I have dataframe,i get column deskr
as a list of dictionaries:
df = spark.createDataFrame(
[
(2022,'A1', "cat", 'eng', 3, 56.768639),
(2022,'A1', "rabbit", 'eng', 10, 56.768639),
(2022, 'A2', "dog", 'eng', 10, 54.114841),
(2022, 'A2', "mouse", 'eng', 20, 81.114841),
],
["data",'group', "word", 'lang', 'count', 'value'] # add your column names here
)
df2 = df\
.groupBy('data', 'group', 'lang')\
.agg(F.collect_list(F.to_json(F.struct(F.col('count'), F.col('value'), F.col('word')))).alias('descr'))

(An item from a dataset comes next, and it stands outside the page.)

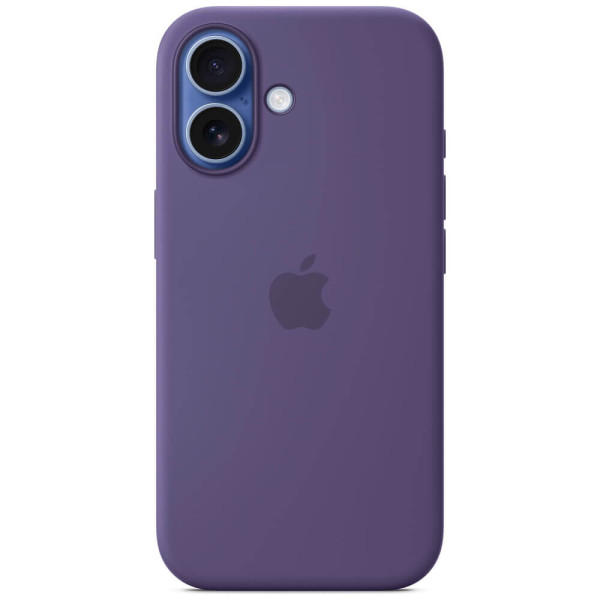 Чохол Apple iPhone 17 Silicone Case with MagSafe Purple Fog (MGF04)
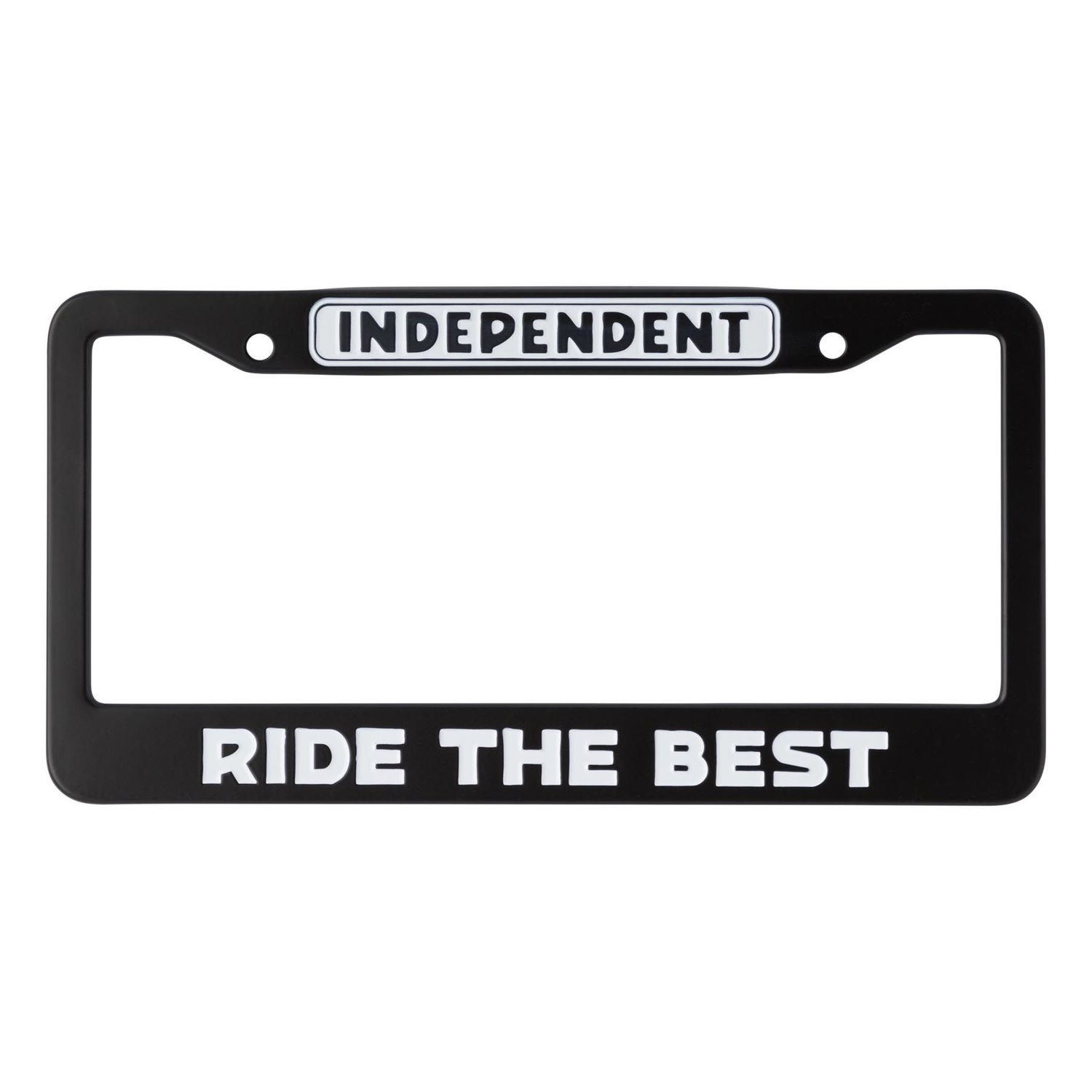 Independent Bar Logo License Plate Frame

I want to convert list of dict to json string with pandas_udf:
@pandas_udf(StringType())
def jsn(lst):
return lst.apply(lambda lst: base64.b64encode(gzip.compress(json.dumps(lst).encode('utf-8'))).decode("utf-8"))

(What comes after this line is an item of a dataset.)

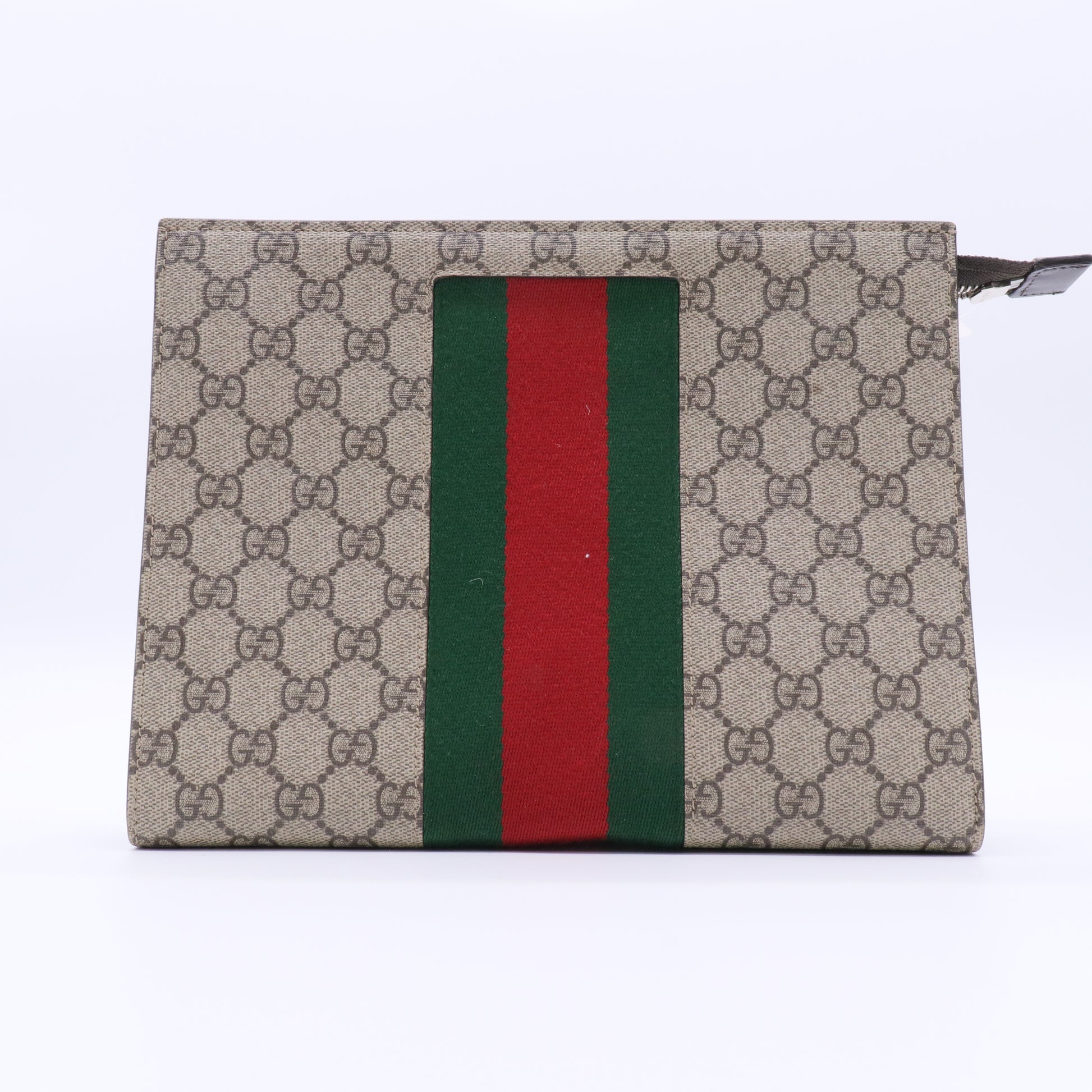 GG Supreme Web Clutch twins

df3= df2.withColumn('descr2',
jsn(F.col('descr')))
But I got error:
TypeError: Object of type ndarray is not JSON serializable
CodePudding user response:
You are passing an array of json objects not a JSON string. Try with this instead:
.agg(
F.to_json(
F.collect_list(F.struct(F.col('count'), F.col('value'), F.col('word')))
).alias('descr')
)
You need to apply to_json
function on the collected list of structs.